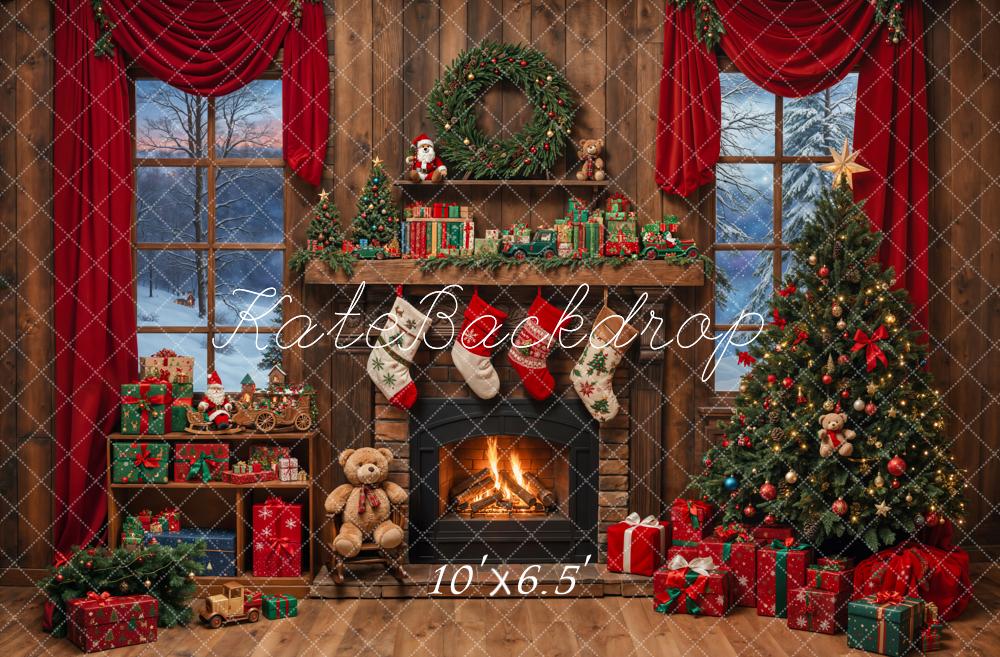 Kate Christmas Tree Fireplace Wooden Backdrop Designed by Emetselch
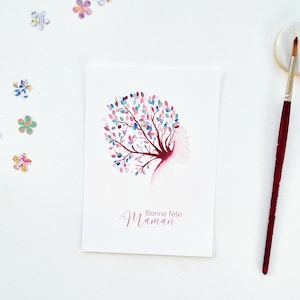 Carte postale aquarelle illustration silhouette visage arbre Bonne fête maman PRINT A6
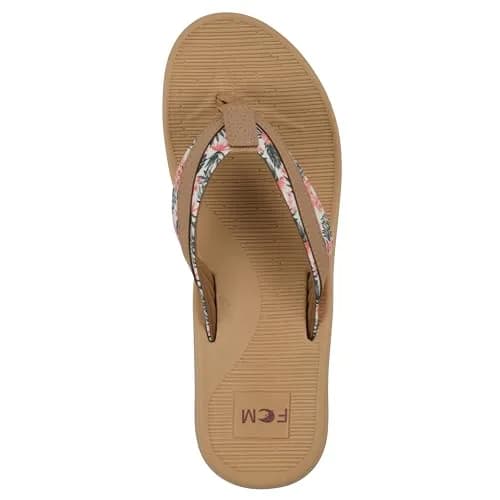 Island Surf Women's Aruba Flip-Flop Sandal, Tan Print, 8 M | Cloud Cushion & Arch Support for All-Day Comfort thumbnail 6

* * *

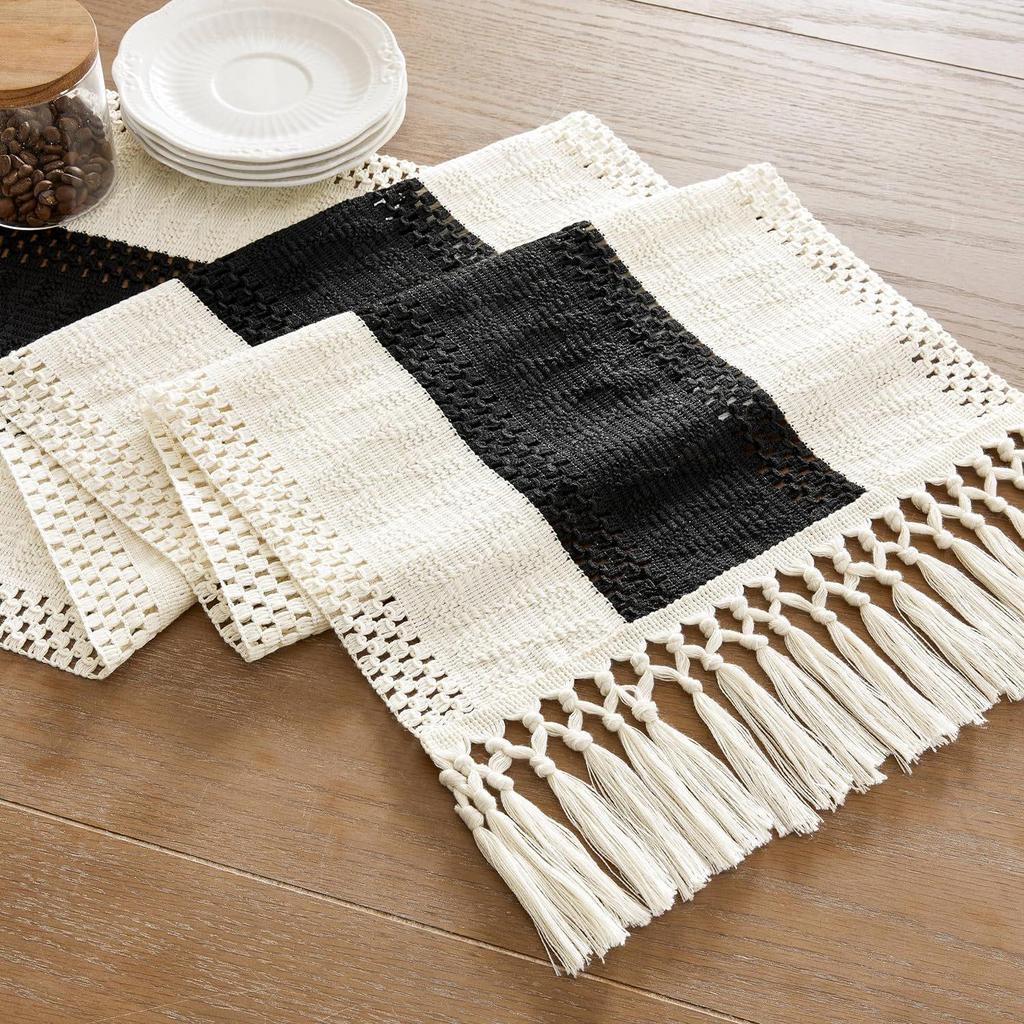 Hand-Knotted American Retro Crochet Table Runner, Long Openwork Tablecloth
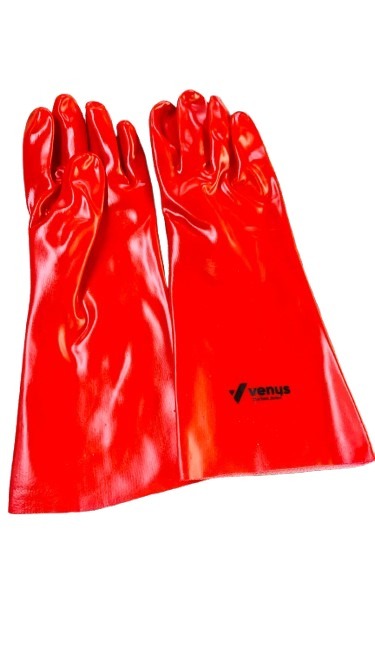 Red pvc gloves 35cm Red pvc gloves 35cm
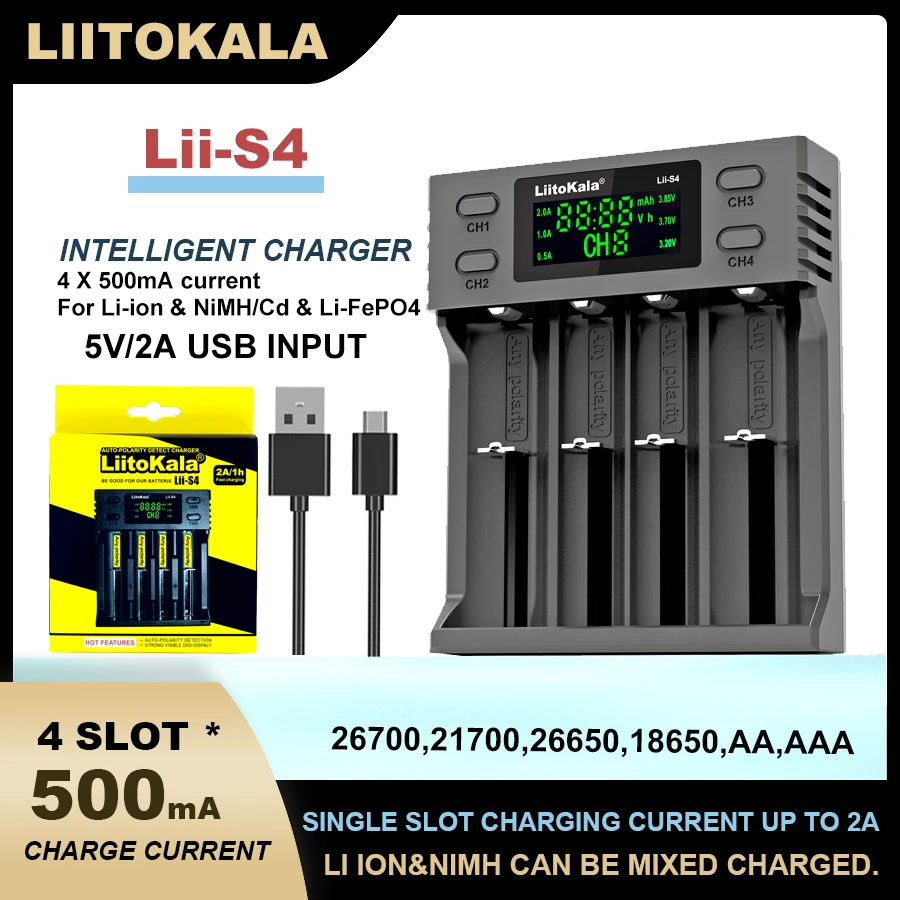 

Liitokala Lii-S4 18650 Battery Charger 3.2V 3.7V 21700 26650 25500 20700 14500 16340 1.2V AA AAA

...

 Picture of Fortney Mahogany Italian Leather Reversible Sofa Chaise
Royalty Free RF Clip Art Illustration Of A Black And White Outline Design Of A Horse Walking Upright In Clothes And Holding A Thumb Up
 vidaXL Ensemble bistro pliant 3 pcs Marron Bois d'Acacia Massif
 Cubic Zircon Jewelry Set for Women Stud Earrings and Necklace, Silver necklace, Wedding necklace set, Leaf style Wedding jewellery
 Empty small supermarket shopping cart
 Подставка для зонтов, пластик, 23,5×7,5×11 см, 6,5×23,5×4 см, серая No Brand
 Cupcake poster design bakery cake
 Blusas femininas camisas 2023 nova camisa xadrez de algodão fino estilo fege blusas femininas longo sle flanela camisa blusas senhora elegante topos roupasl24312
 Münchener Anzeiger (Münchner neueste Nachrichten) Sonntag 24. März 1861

# ABOUT THIS TASK
Extract from the material above the stretch running from the line containing "Red pvc gloves 35cm Red pvc gloves 35cm" through the line containing "Liitokala Lii-S4 18650". Keep the text exact and the pictures out.

# REPLY
 Red pvc gloves 35cm Red pvc gloves 35cm

Liitokala Lii-S4 18650 Battery Charger 3.2V 3.7V 21700 26650 25500 20700 14500 16340 1.2V AA AAA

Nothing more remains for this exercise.